Sunday, October 7, 2012

Green Lantern #13 - A Review

Despite the cover noting that this is the first part of the Rise Of The Third Army crossover event, Green Lantern #13 barely touches upon The Third Army and their slow spread across the Earth.  Most of this issue is focused upon Simon Baz - a troubled young man who turned to thievery to support his family and had the misfortune to steal a car with a bomb in it that the police were watching.  Baz is now a suspected terrorist and - thanks to his sudden rescue by a Green Lantern ring - a noteworthy enough of a threat to be brought to the attention of The President.

Incidentally, the President in the New 52 DC Universe is apparently Barack Obama, though he isn't mentioned by name.  Just a little note there for you trivia fans who keep track of this sort of thing.


Writer Geoff Johns seems less interested in the big event than he is exploring this new character and the reality of Green Lanterns in the New 52 universe.  Surprisingly, this info-dump between The President and Amanda Waller early in the issue proves to be effective expositon.  One of the biggest problems with the New 52 so far is that many writers haven't taken the time to truly explore the new universe and explain things that could be taken as holy writ before.  In this case, we learn several factoids like the US Government is aware of Hal Jordan's secret identity but they have no idea who Kyle Rayner is.

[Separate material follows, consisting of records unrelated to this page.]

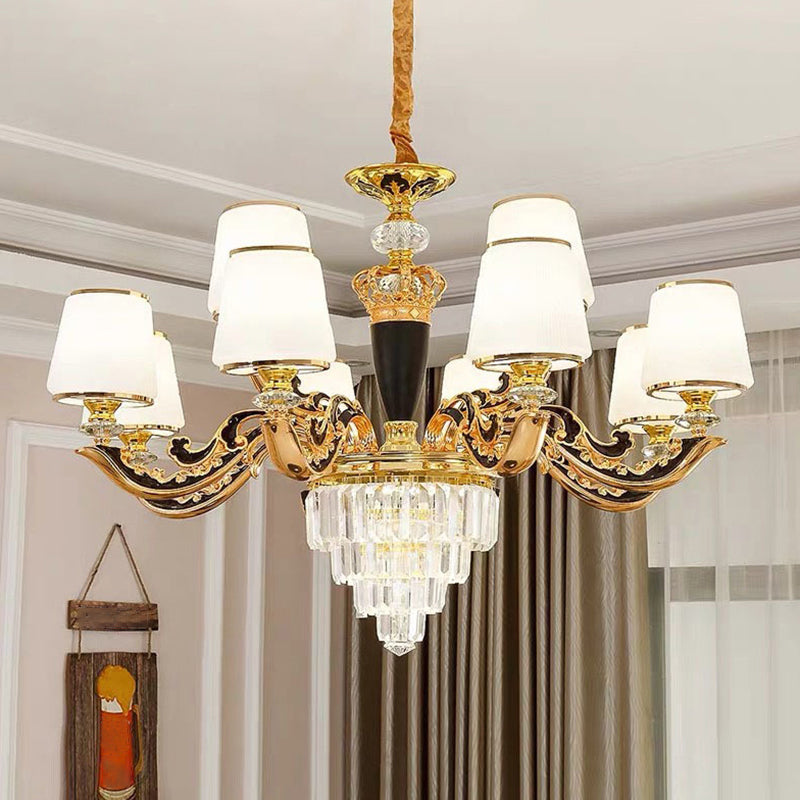 White Glass Tapered Ceiling Lighting Traditional Living Room Chandelier Light with Layered Crystal Decor Clearhalo 'Ceiling Lights' 'Chandeliers' Lighting' options 2198718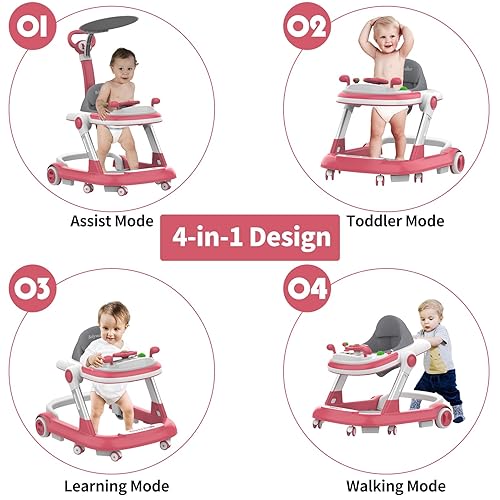 Miniatura 2 de Baby Walkers with Wheel,Infant Walker for Babies with Adjustable Height,Speed & Breathable Seat Cushion, Baby Walkers and Activity Center for Boys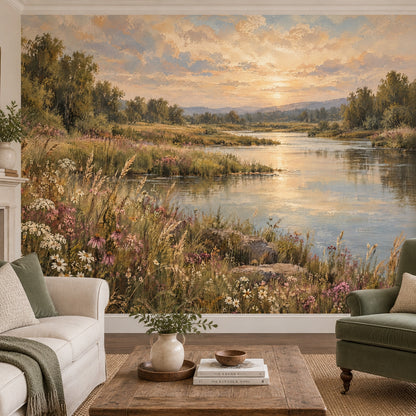 Sunset Riverside Landscape Wallpaper Mural Vintage Inspired Oil Painting Style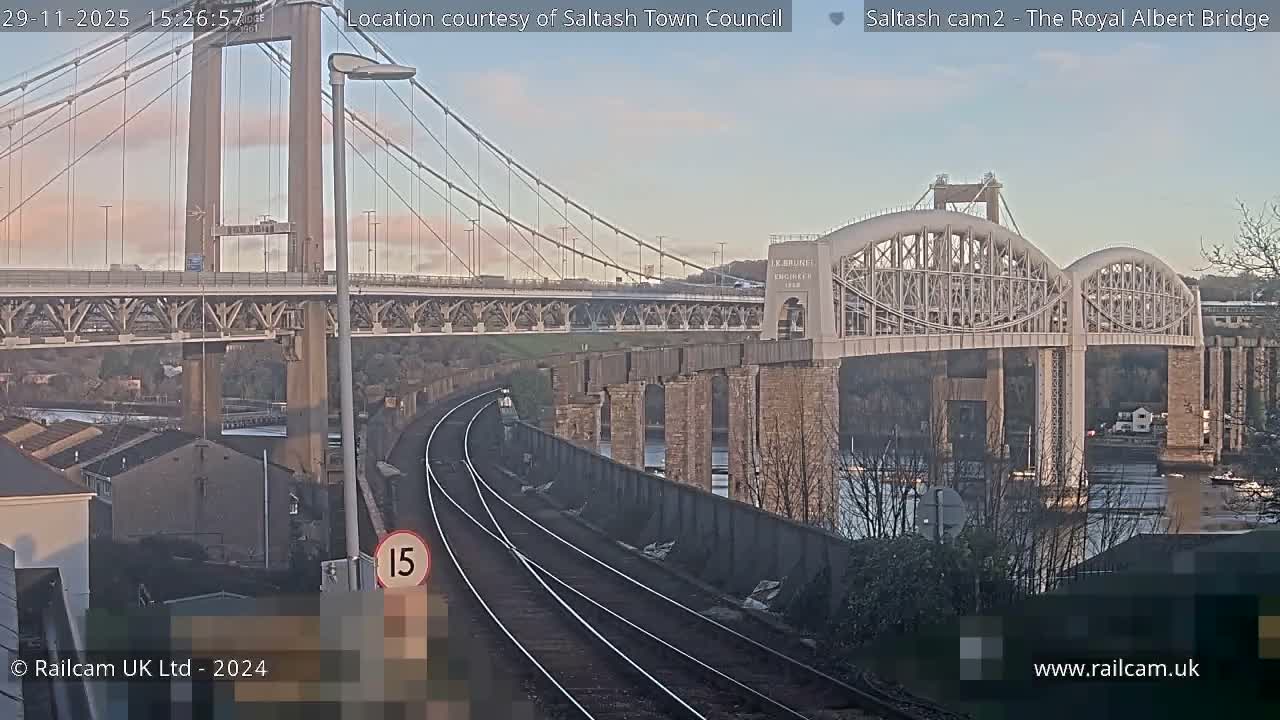 Saltash,  The Royal Albert Railway Bridge & Tamar Bridge / River Live Cam - Cornwall, South West, England, United Kingdom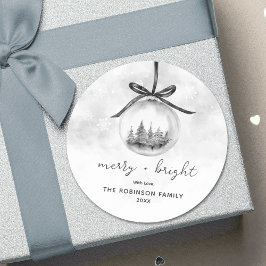 Watercolor Gray Ornament Christmas Merry Bright ラウンドシール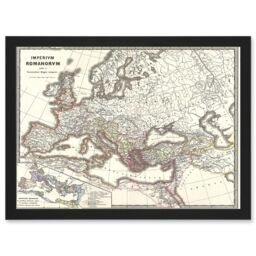 Artery8 1865 Spruner Map The Roman Empire Under Constantine A4 Artwork Framed Wall Art Print in Black - thumbnail 1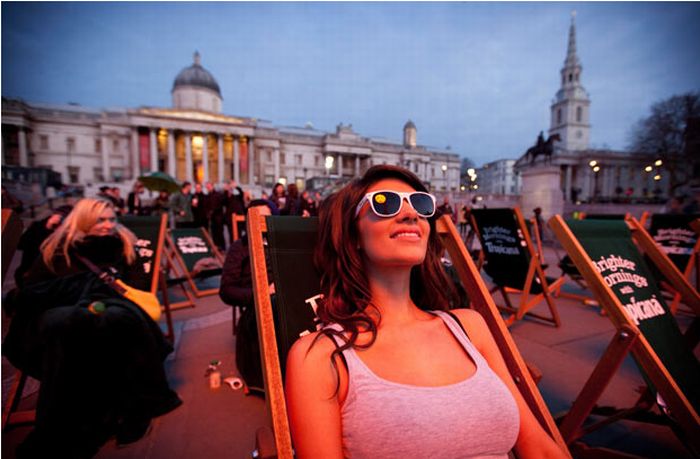 Tropicana Sun art installation in Trafalgar Square, London, England, United Kingdom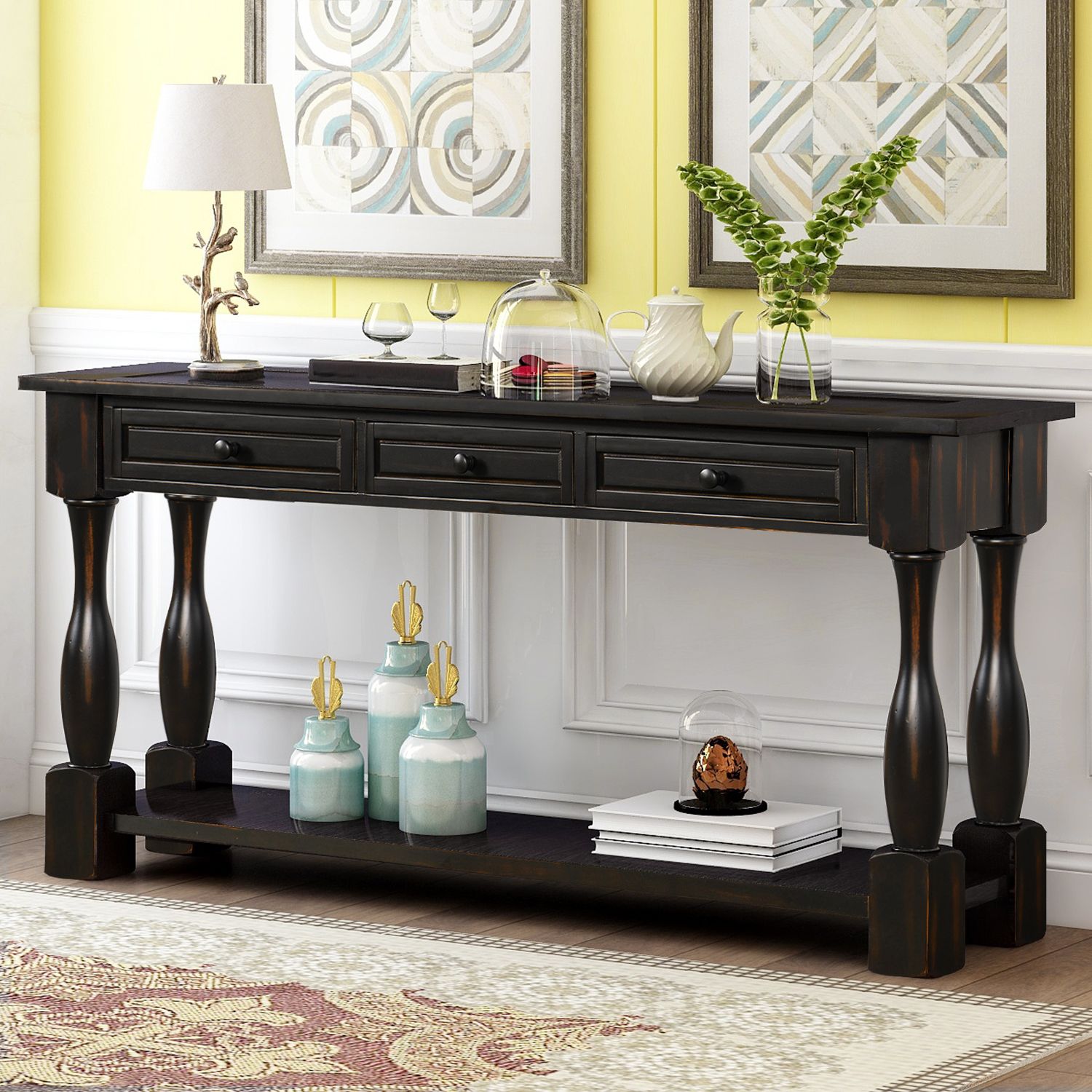 Console Table 64" Long Sofa Table Easy Assembly With Drawers And Shelf With Caviar Black Console Tables (View 9 of 20)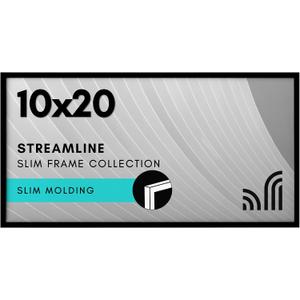 Americanflat 10x20 Picture Frame with Polished Plexiglass - Streamline Collection - Thin Border Picture Frame for Wall Display - Hanging Hardware Included - Black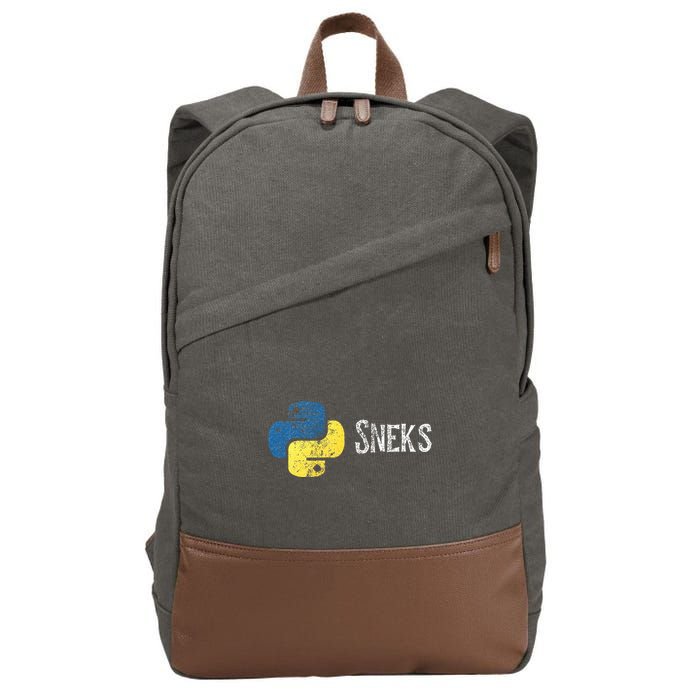 Python Programming Funny Programmer Python Logo Sneks Gift  Cotton Canvas Backpack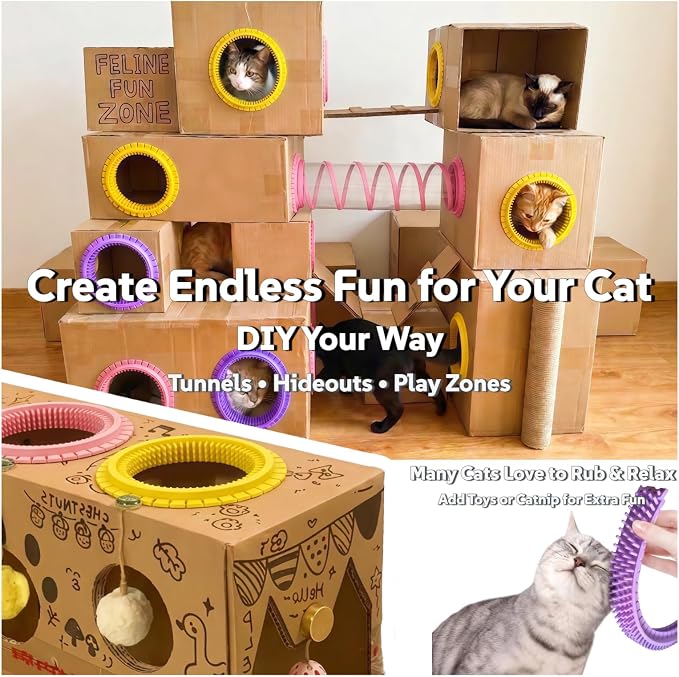Cat Self Groomer Arch for Cardboard Boxes (Lavender | Refill) | Cat Brushes Tunnel& Massage Comb For Indoor Cats, Interactive Self Grooming Tool Brushes, For Cat Hideouts & Enrichment Play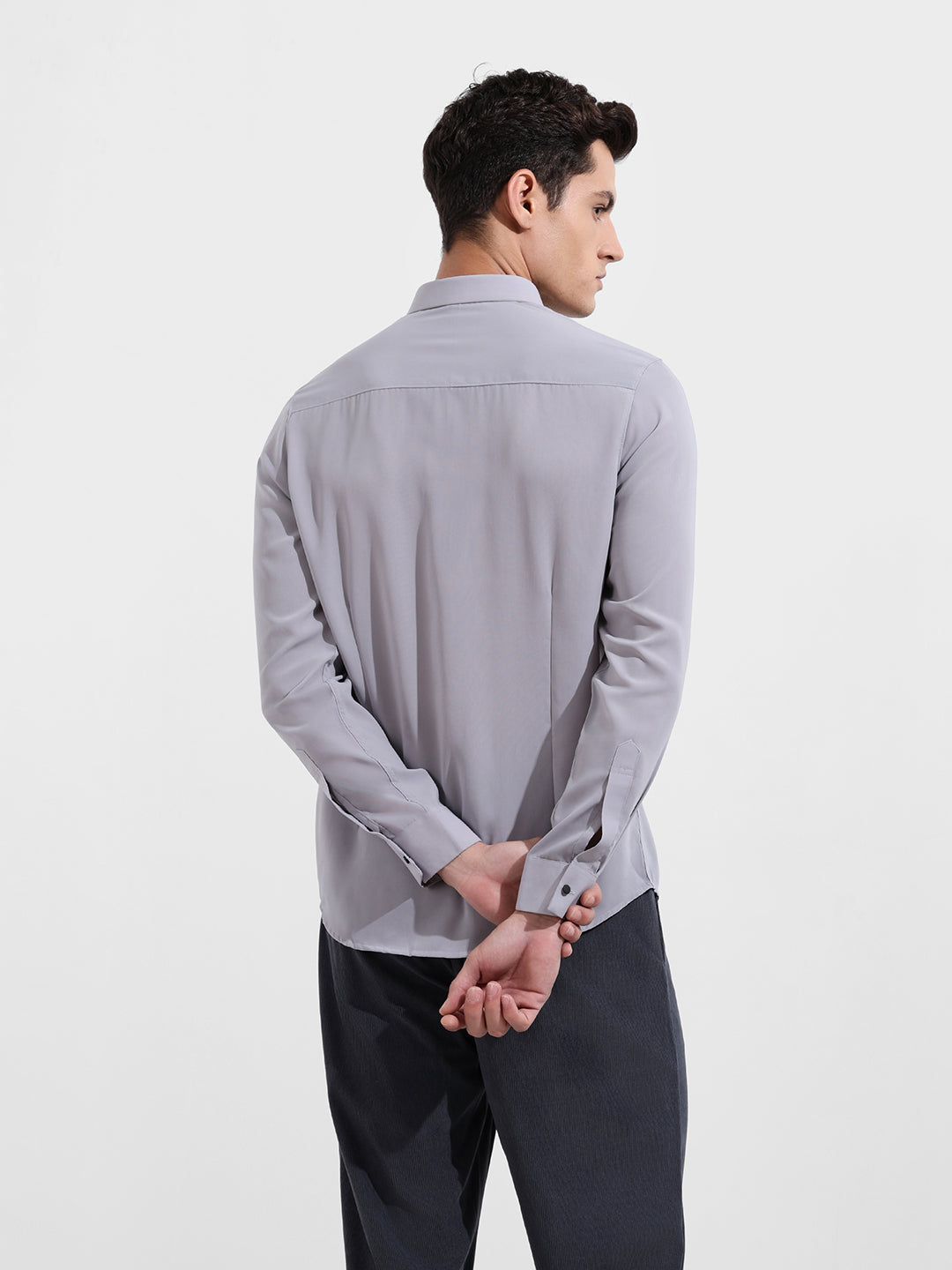 Men's Grey Slim Fit Party Wear Solid Shirt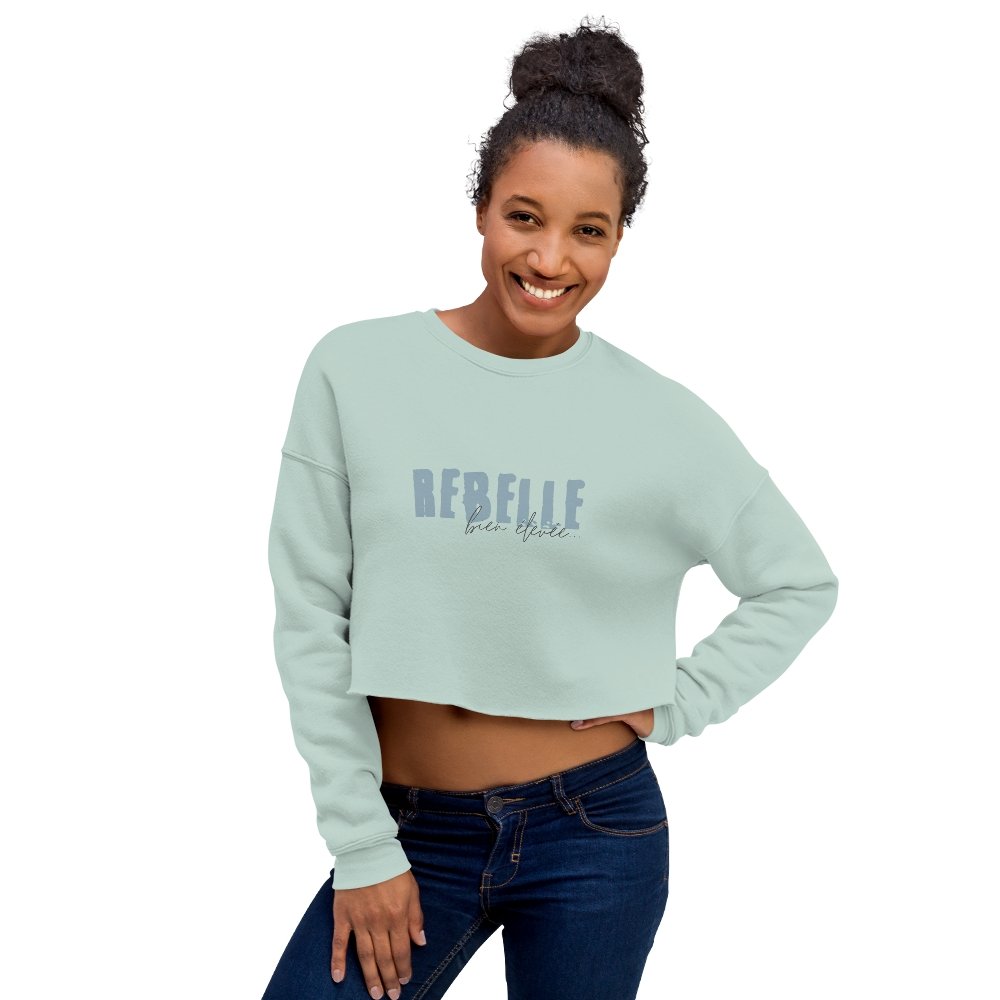 « Sweat-shirt » Crop-Top- Rebelle bien élevée - Vert mint - Couleur Pastel Couleur Pastel inc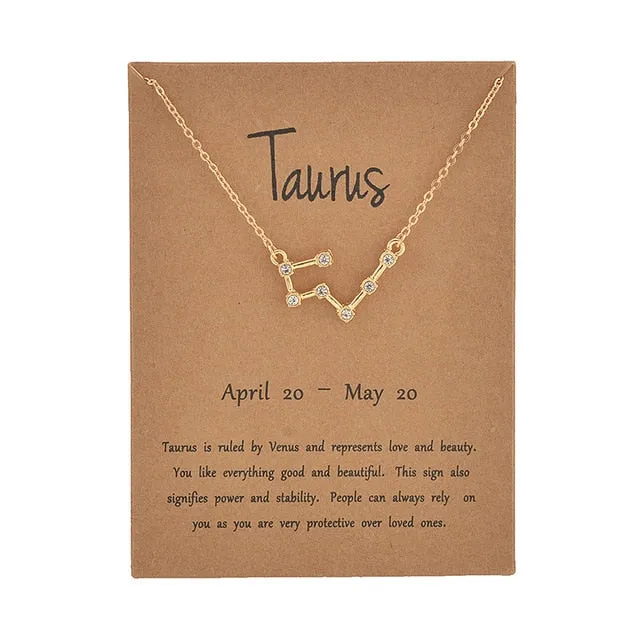 Cardboard Star Zodiac Sign 12 Constellation Necklaces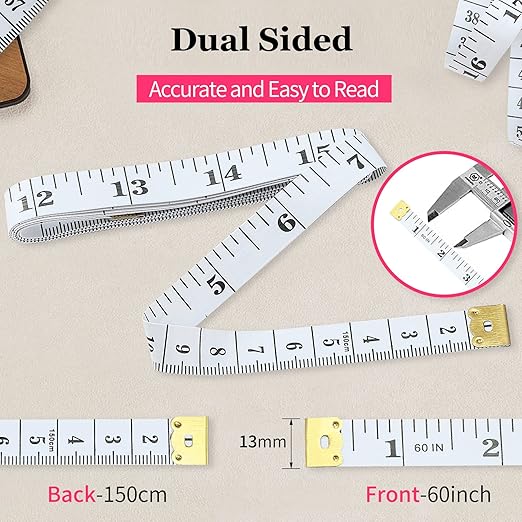 LOUHUA Tape Measures 24 Pack Measuring Tape Bulk for Body Sewing Tailor Cloth Craft Supplies Knitting Projects Measurement Double Scale 150cm/60inch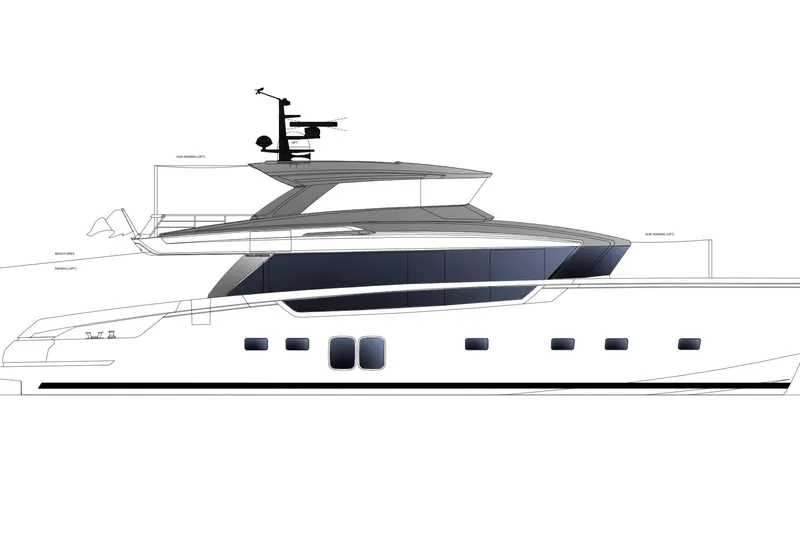  Yacht Photos Pics 2026 Sanlorenzo SX76 yacht design, sleek profile with modern features and spacious layout.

Despite the opening scenes explaining a lot, the strongest parts of the issue are the scenes where Simon learns how to use his new powers and tries to find a direction for himself.  We learn a lot more about Simon's family life in this issue and confirm what was suggested in Green Lantern #0 - he's a basically good man who made some bad choices.  To his credit, Baz seems determined to fix those mistakes or, at the very least, shield his family from the consequences of his actions.


Doug Mahnke's continues to be one of the best artists in the business.  We don't get to see much of the prowess he's displayed in the past this time around, as there's very little action in this issue and Baz has yet to start forming constructs.  Still, Mahnke provides each scene with a subtle dynamic flow and the few action scenes we have move along nicely.  And despite apparently having five inkers work on this issue, the shading proves consistent throughout.

If you haven't started reading Green Lantern yet, this would be a fine issue to start with.  The character concept and reality explain themselves pretty well and the art looks amazing, even though there's not much action in this issue.